The Torah tells the story as though Potiphar’s wife is a predator. Privileged, with power, she is not to be refused. This is certainly possible, but it is also possible that there was a mutual attraction and some flirting. When the power dynamic is vastly uneven, romantic possibilities can be fraught with complexity and misunderstanding. There is also the possibility that Joseph is at first receptive to her advances, but at the last minute realizes the sins and halts the affair.
There are many stories told about sexual predation—and tragically this is too often true. But, sometimes, the culprit in romantic disasters is nothing more than misunderstanding—or ineptitude.
Take the story in the Netflix series, Unorthodox, where a young woman breaks free from Satmar Hassidism and an unfulfilling marriage. Pushed into an arranged marriage, the young woman and her husband experience “problems in bed.” She has some physical issues, and he is not sensitive or helpful. As the story is told, he is a real problem. But, we should ask, where would a young ultra-Orthodox man get the training or experience to be what his wife needs? She is not the only neophyte in the relationship. Haredi boys do not date or discuss these subjects and get as little information as their wives. For most in the Haredi environment, relationships develop and, with or without happiness, procreation takes place. But, when problems occur, the resources and sensibilities to remedy them are extremely limited. In other words, the young husband may not be the bad guy. He may just be inexperienced, unprepared, and inept.
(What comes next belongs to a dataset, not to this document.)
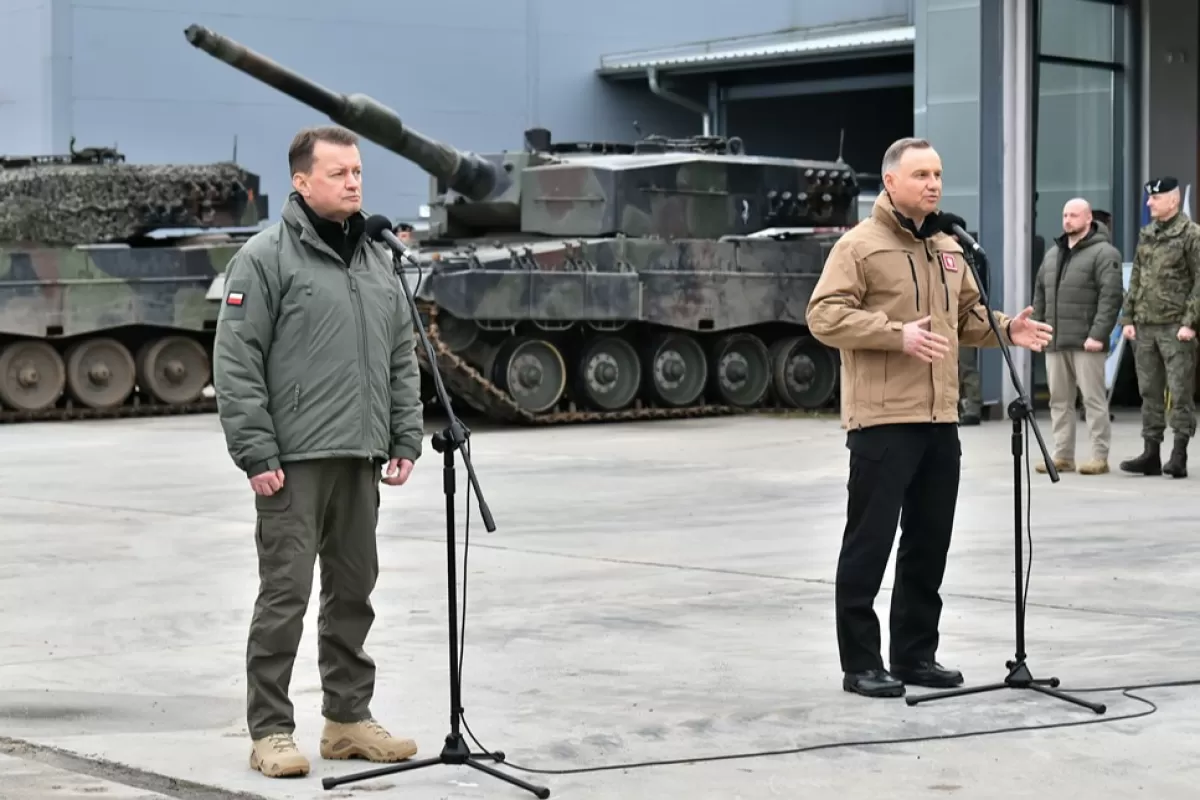 NATO Își Consolidează Apărarea în Polonia: Exerciții Militare de Amploare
Enter Robert Bly, the poet and guiding voice of the “Men’s Movement” of the 1980s and 1990s. Mr. Bly, who passed away last week, believed that modern men are emotionally stunted because the skills of how to be a mature man have not been passed down or prized in modern society. His work is both complicated and controversial, but there is much sense in it. The insights are not meant to excuse bad behavior in men but to help men exert responsible and creative stewardship over their animalistic sides, learning how to balance the animal and the angelic.
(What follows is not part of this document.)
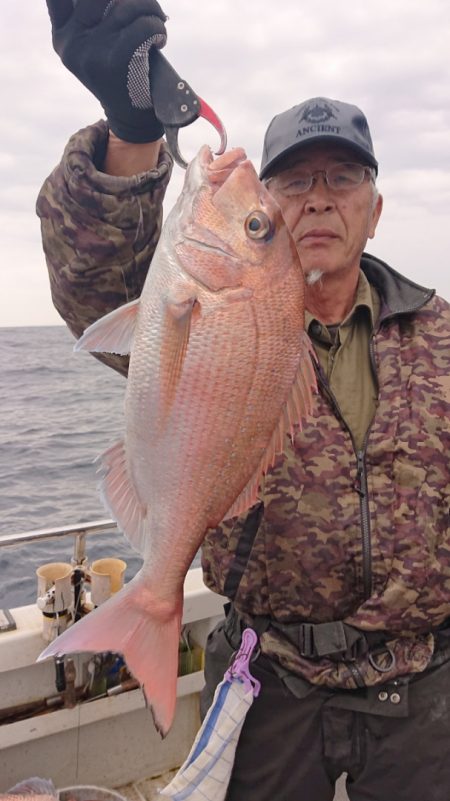 ARCADIAⅡ (アルカディアⅡ) 釣果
Rabbi Rami Shapiro did some interesting work on this notion, seeing this conflict between the animal and the civilized in the story of Jacob and Esau. Could every man have both an Esau side and a Jacob side—and must these two innate proclivities wrestle in order for menstchlikeit (full humanity) to be achieved?
I participated in a “men’s discussion group” back in the 1990s, and it was very interesting how these mature and successful men still grappled with a host of competing masculine ideals and definitions of success. While detractors of the Men’s Movement spoke of foolishness (men beating drums in the woods) or wimpiness (grown men whining and weeping), my limited experience was quite mature, realistic, and poignant. Which, among the many models of male success, should a man choose and upon whose insistence? How does one achieve success or confidence in the many and varied realms of life—adjudicating the possibilities of male strength, restraint, courage, kindness, judgment, weakness, and accomplishment?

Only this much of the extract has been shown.